■ **Exercise instructions**
Output the lines of the entries below beginning at the one with "Experience Can Tho" and ending with the last, exactly as written and without pictures.

■ **Material to process**
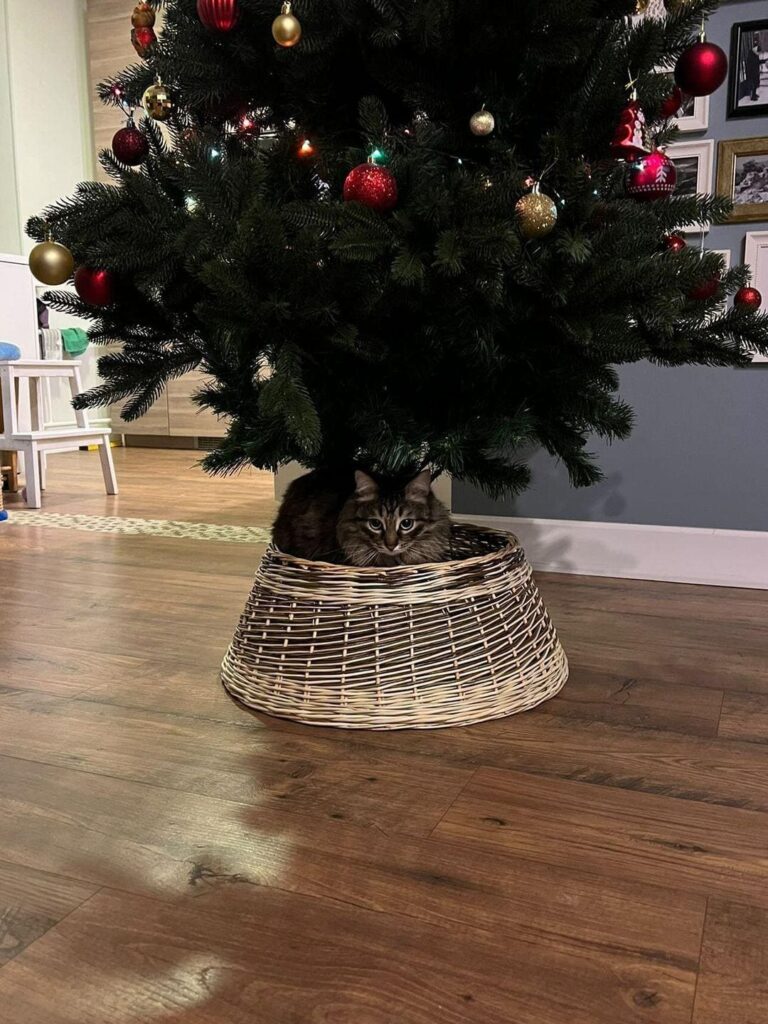 кошка под елкой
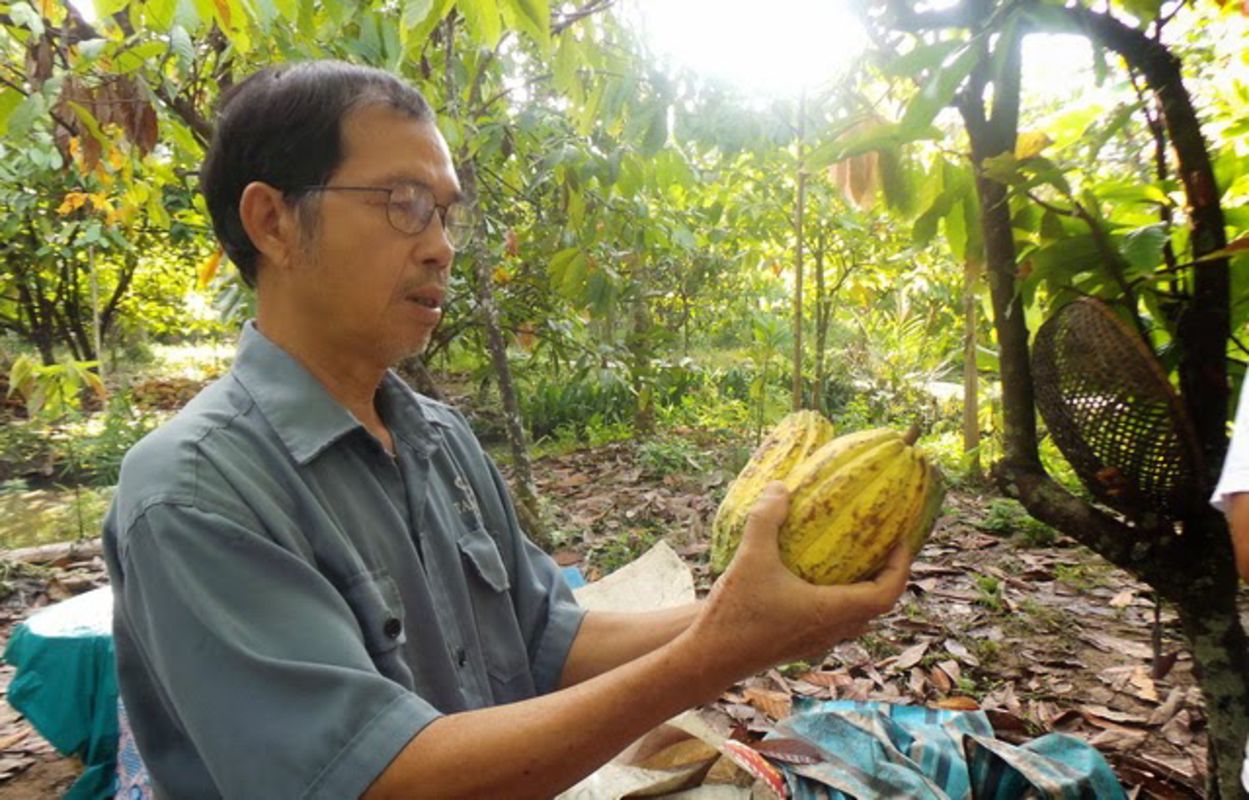 Experience Can Tho Tours with sustainable adventures
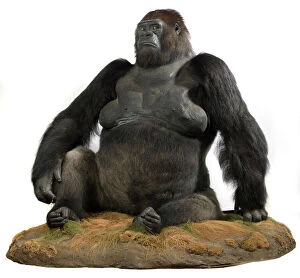 Hominoidea Gallery: Guy (1946-1978), a western lowland gorilla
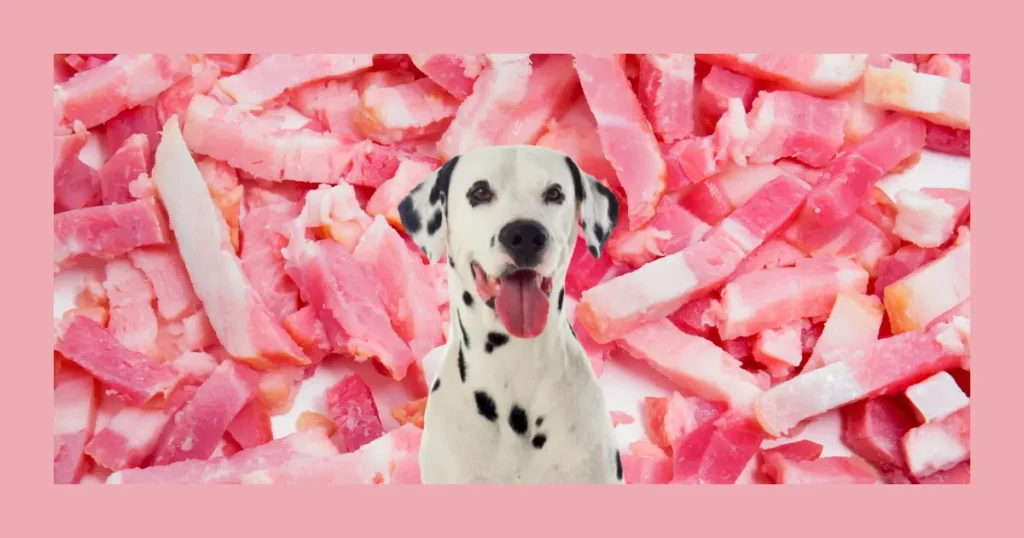 Can Dogs Eat Raw Bacon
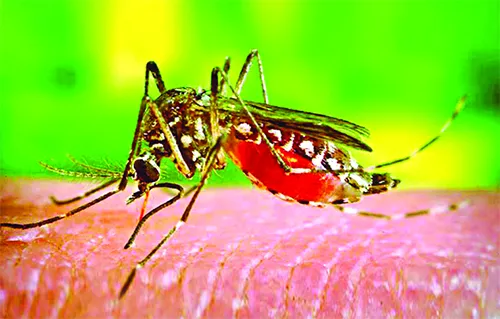 মশা নিয়ে দুশ্চিন্তা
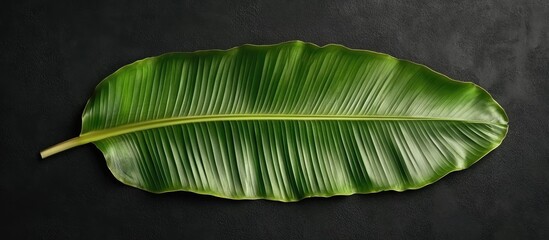 Leinwandbilder - Banana leaf for serving food Banana leaf set against a black background Top view with copy space for text Menu recipe flat lay mockup banner background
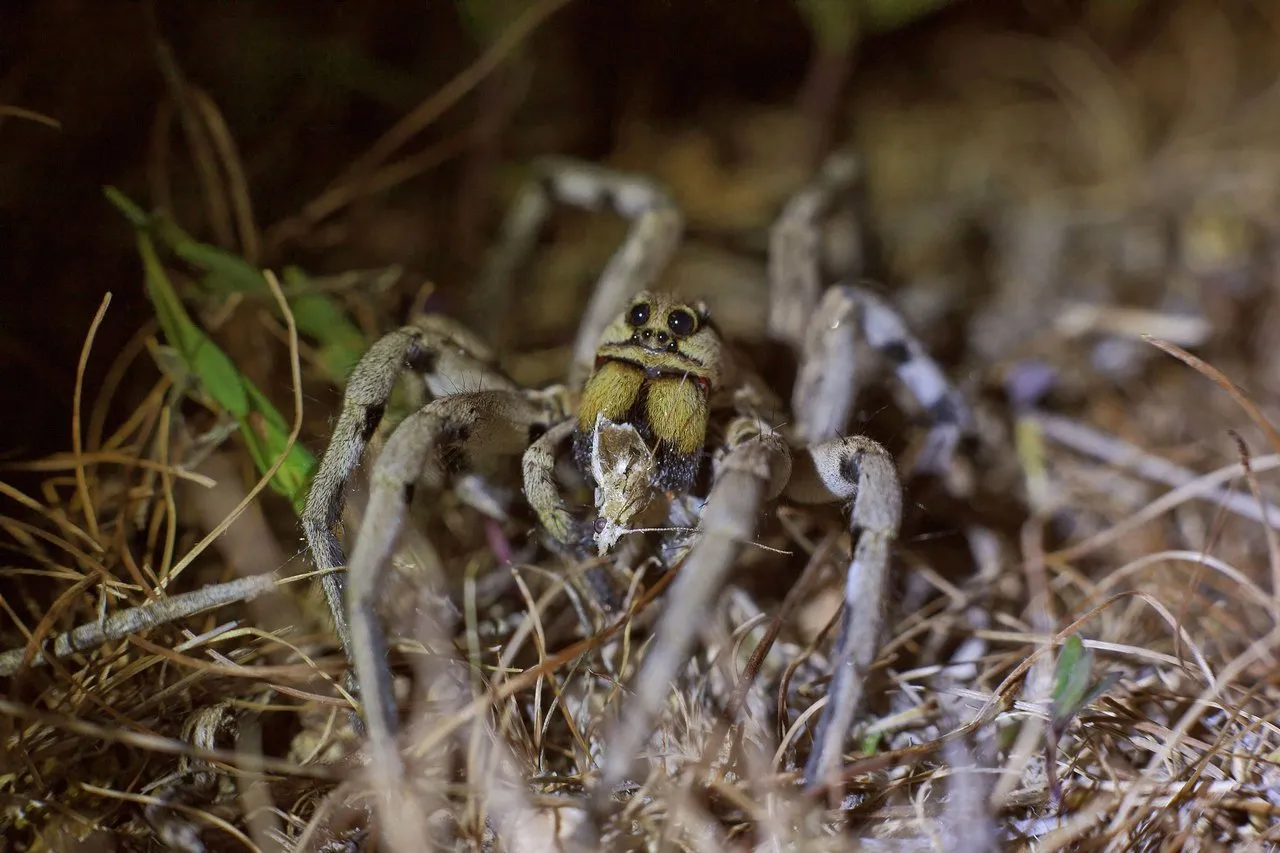 Tarantula pók fotó és leírás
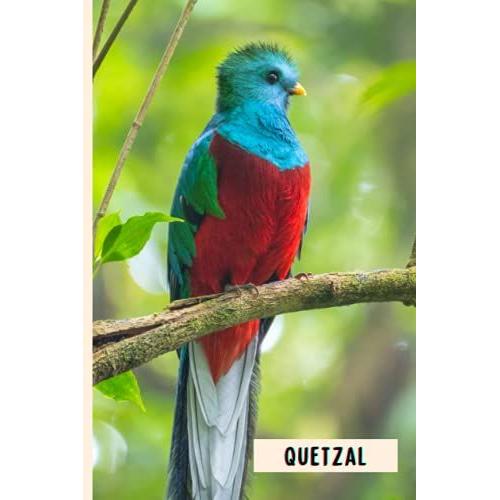 Quetzal: Composition Notebook For Quetzal Lovers , Quetzal Lined Journal ,6x9 Inches , 110 Pages ,Quetzal Diary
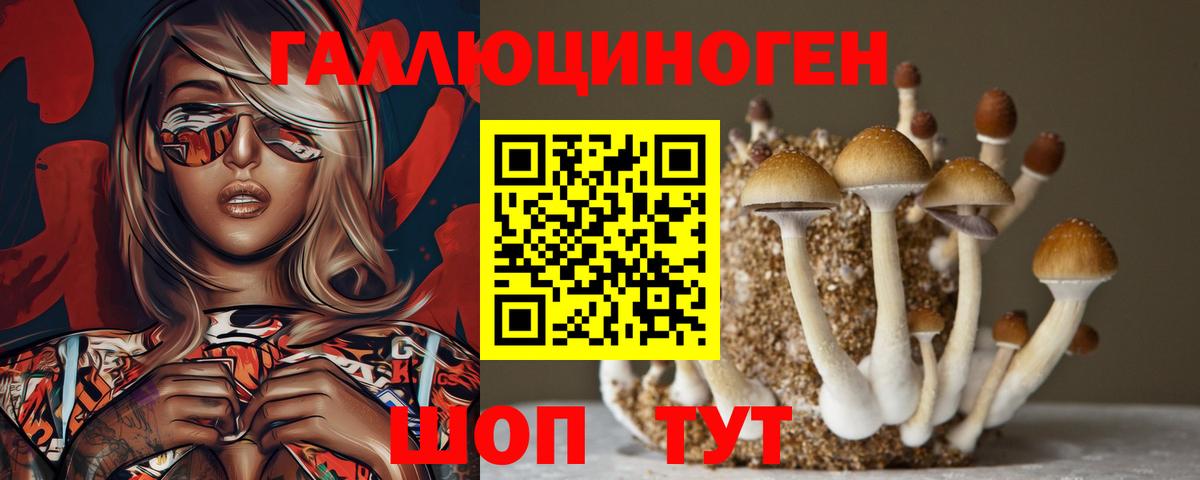 Галлюциногенные грибы прущие грибы  Галлюциногенные грибы MAGIC MUSHROOMS  Великий Новгород  купить  цена  Вход с VPN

■ **Task response**
 Experience Can Tho Tours with sustainable adventures
 Hominoidea Gallery: Guy (1946-1978), a western lowland gorilla
 Can Dogs Eat Raw Bacon
 মশা নিয়ে দুশ্চিন্তা
 Leinwandbilder - Banana leaf for serving food Banana leaf set against a black background Top view with copy space for text Menu recipe flat lay mockup banner background
 Tarantula pók fotó és leírás
 Quetzal: Composition Notebook For Quetzal Lovers , Quetzal Lined Journal ,6x9 Inches , 110 Pages ,Quetzal Diary
 Галлюциногенные грибы прущие грибы  Галлюциногенные грибы MAGIC MUSHROOMS  Великий Новгород  купить  цена  Вход с VPN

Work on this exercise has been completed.